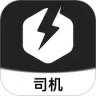 应用宝logo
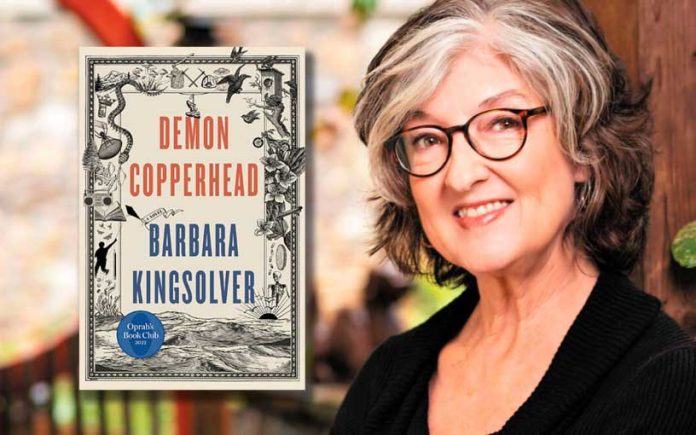 demon-copperhead-barbara-kingsolver-womens-prize-paureat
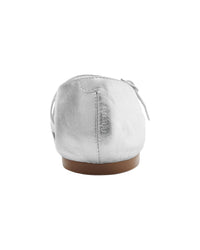 Arezzo Erin Ballet Flat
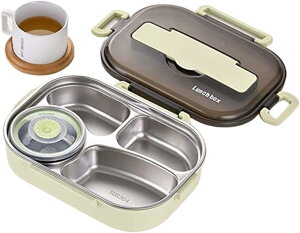 ۉ ٓ XeX|ٓ ^ٓ ۉ Rh~ e y ֗ Rh~ ٓ  jq Jg[tRp[ggt /wZ/Lv/nCLOɓKp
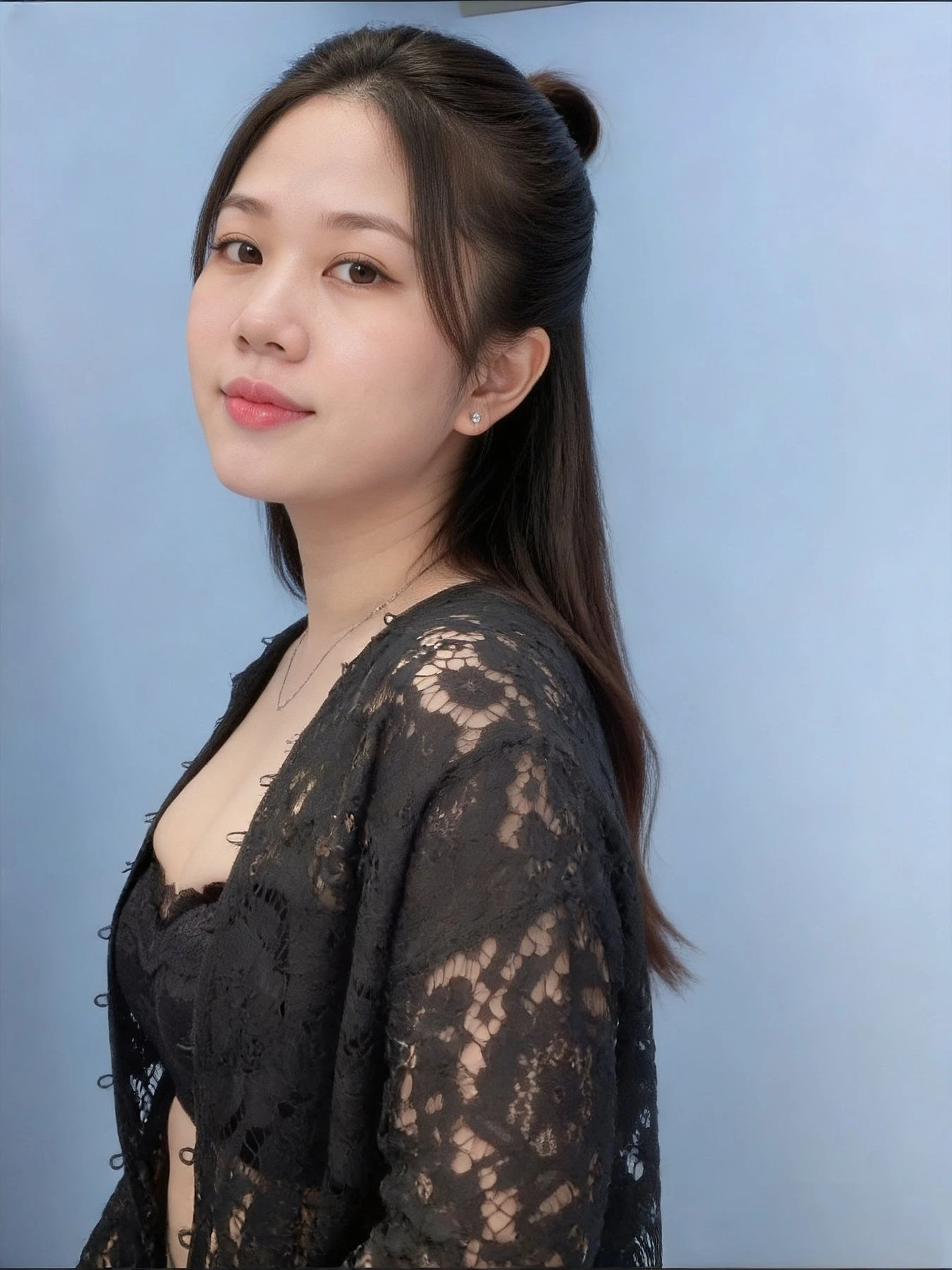 Hana Ruby Independent Girl – Vietnamese escort in Bangalore — 6 / 7
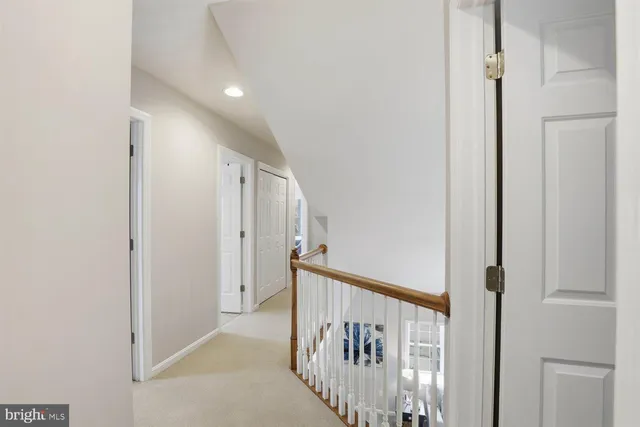 $449,900 | 217 Weatherfield Place, Lancaster, PA 17603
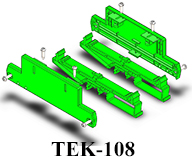 TEK-108
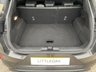 USED 2020 69 FORD PUMA 1.0 ST-LINE X FIRST EDITION MHEV 5d 124 BHP 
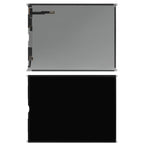 9.7" LCD Screen Replacement for iPad 6 (6th Gen) 2018 A1893 A1954 Display LCD Screen Premium Repair Kit (Not for 7 8 9 gen)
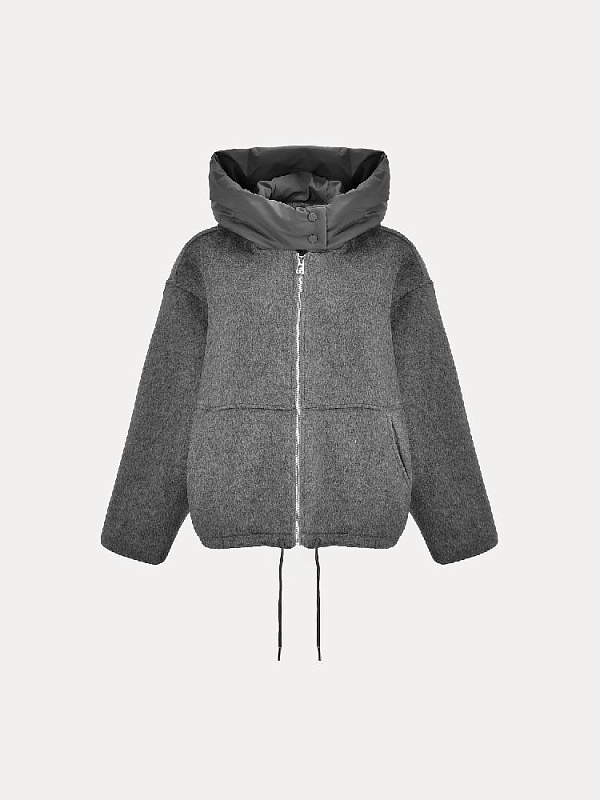 Куртка демисезонная (XD1303)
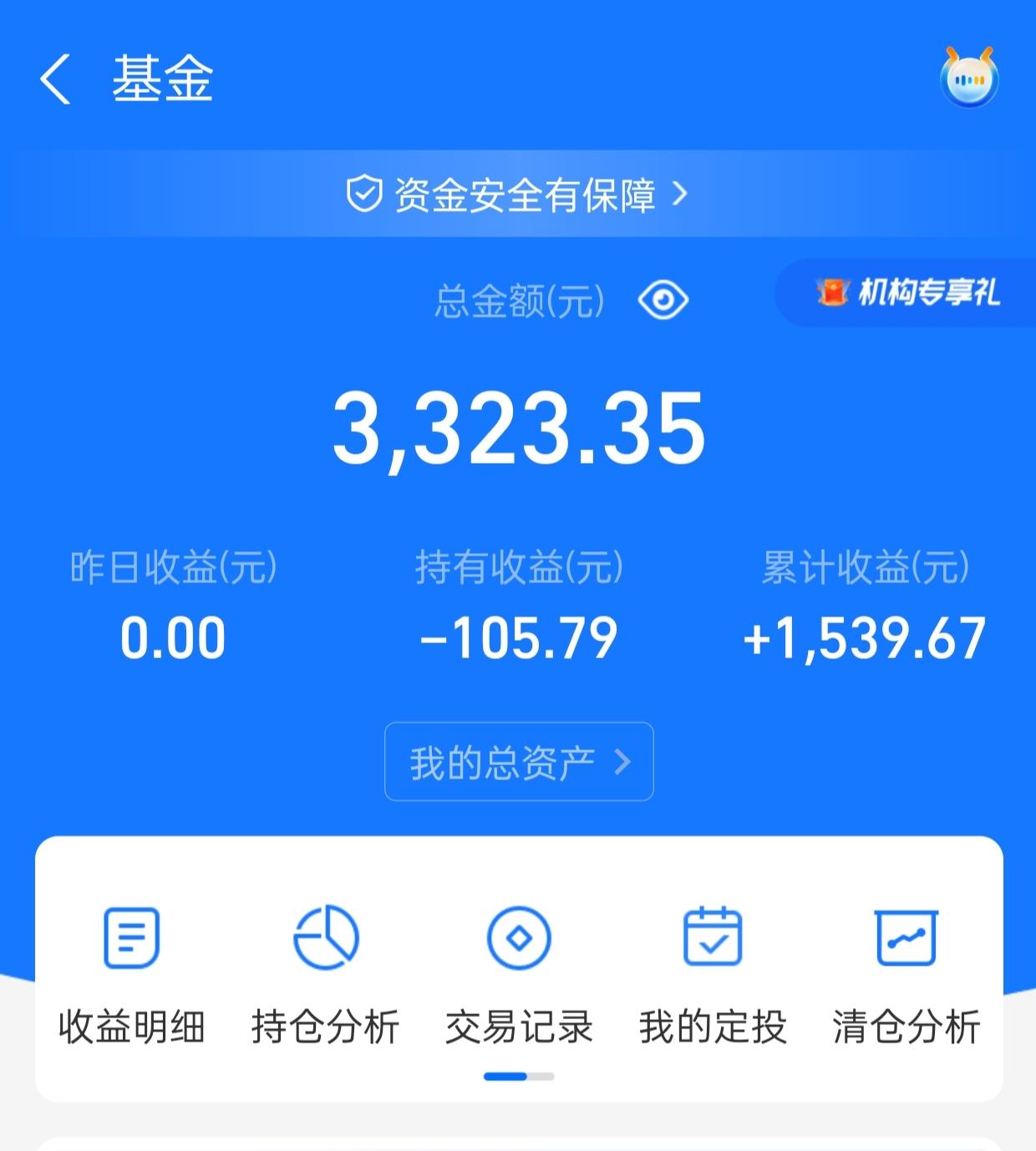 富国天益基金净值(富国天益基金净值天天基金网011165)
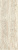 Плитка Фасадная Scalamid Fab Travertine Lappato Beige 006 Sfab1600.600.8.006 1600X600X8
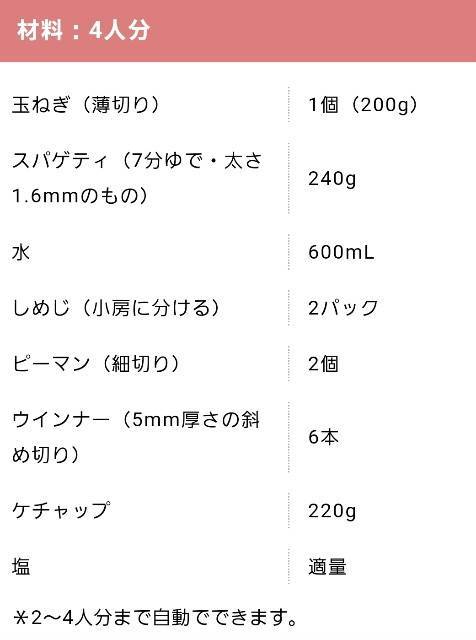 f:id:xoyu-nxo:20220401232916j:image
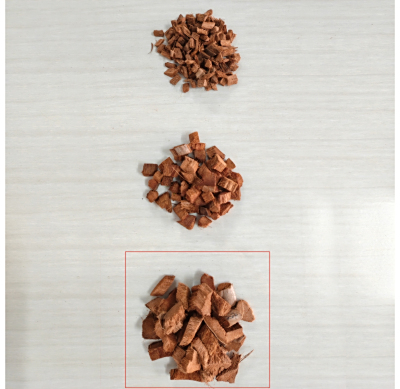 Coarse Coco Chips (20-30mm)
_ _ _
* _TO DO_
Quote the lines above exactly, starting with the one that has "ۉ ٓ XeX|ٓ ^ٓ ۉ" and ending with the one that has "富国天益基金净值(富国天益基金净值天天基金网011165)"; drop the pictures and include nothing else.

* _TASK RESULT_
 ۉ ٓ XeX|ٓ ^ٓ ۉ Rh~ e y ֗ Rh~ ٓ  jq Jg[tRp[ggt /wZ/Lv/nCLOɓKp
 Hana Ruby Independent Girl – Vietnamese escort in Bangalore — 6 / 7
 $449,900 | 217 Weatherfield Place, Lancaster, PA 17603
 TEK-108
 USED 2020 69 FORD PUMA 1.0 ST-LINE X FIRST EDITION MHEV 5d 124 BHP 
 9.7" LCD Screen Replacement for iPad 6 (6th Gen) 2018 A1893 A1954 Display LCD Screen Premium Repair Kit (Not for 7 8 9 gen)
 Куртка демисезонная (XD1303)
 富国天益基金净值(富国天益基金净值天天基金网011165)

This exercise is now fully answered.